By the time Katopodis’ check became public knowledge, Collins was a political goner, anyway.
On the commission, she had been the Anti-Langford. In 2006, she and two other Republican candidates campaigned with the same slogan: “No debt, no dome, no Democrats.” After Commissioners Jim Carns and Bobby Humphryes won election, Collins wasn’t alone on the dais anymore. She had her commission majority. She became commission president just in time for all hell to break loose.
The county’s $3.2 billion debt and the interest rate swaps built on top of it were already in place. When the national financial crisis hit in 2008, that debt structure was a sandcastle in a tsunami. A chain reaction of events, left the county with interest rates as high as 10 percent, more than it could pay. A years-long negotiation with Wall Street began, and Collins botched it badly.
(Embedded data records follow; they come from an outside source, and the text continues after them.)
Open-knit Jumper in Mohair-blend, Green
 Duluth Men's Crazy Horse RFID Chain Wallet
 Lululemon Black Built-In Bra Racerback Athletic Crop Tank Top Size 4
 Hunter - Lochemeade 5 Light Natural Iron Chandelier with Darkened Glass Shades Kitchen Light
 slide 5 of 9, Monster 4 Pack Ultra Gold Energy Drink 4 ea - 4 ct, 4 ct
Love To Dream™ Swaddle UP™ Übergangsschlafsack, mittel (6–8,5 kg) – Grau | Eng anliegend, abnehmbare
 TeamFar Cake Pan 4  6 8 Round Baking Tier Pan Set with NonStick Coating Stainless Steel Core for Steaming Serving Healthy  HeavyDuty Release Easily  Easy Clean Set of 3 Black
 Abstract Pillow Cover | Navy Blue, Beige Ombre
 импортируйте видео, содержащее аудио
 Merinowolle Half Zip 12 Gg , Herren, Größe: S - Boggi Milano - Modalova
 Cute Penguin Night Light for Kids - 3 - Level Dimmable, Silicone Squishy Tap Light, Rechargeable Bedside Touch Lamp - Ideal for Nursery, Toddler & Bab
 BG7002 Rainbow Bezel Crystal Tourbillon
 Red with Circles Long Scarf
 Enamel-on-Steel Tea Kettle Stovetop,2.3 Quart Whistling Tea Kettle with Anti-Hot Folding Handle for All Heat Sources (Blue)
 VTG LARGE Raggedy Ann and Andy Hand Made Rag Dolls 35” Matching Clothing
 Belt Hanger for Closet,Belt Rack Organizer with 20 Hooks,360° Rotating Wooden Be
Collins has coveted power her whole political career, and once she had it, she became jealous of it. She began to keep secrets from her commission allies, Carns and Humphryes, and they began to keep secrets from her. When she discovered Carns and the county’s financial adviser were covertly lobbying the federal government for help, she fired the adviser and she double-crossed Carns and Humphryes.
Joining with Commissioners Smoot and William Bell, Collins worked across party lines to consolidate her power and get revenge on Carns and Humphryes. The trouble with being an ideologue is that working across party lines becomes untenable to your constituents. Carns called Collins’ alliance the new Democratic majority.
Collins’ power play sent the county caterwauling out of control. She misplaced her trust in two men — bond lawyer Bill Slaughter and Gov. Bob Riley.
As the county’s bond lawyer, Slaughter had helped put together many of the deals that were imploding. Testimony during the Langford trial has indicated that he also helped obscure the roles of Bill Blount and Randy Wilhelm in the county’s bond dealings. Slaughter has vehemently denied doing so. Regardless, by the summer of 2008, he drew the ire of the pitchforks and torches. Bumper stickers appeared around town. They read, “Don’t get Slaughtered.” Slaughter lost his temper and erupted in a press conference when reporters asked whether anyone but the county might be to blame for the crisis.
Meanwhile, Gov. Riley’s record of competence began to wane. His simplistic notion of bankruptcy and its consequences disallowed the county from playing hardball with Wall Street.
Collins did not create the county’s problems, but her character dictated how she dealt with those problems. She responded with panic and paranoia. When the occupational tax lawsuit left the county without a major revenue stream, she looked less like a regional leader and more like Marie Antoinette.
But despite Collins’ faults, two questions remain for her critics now storming the castle: Who can do better, and how?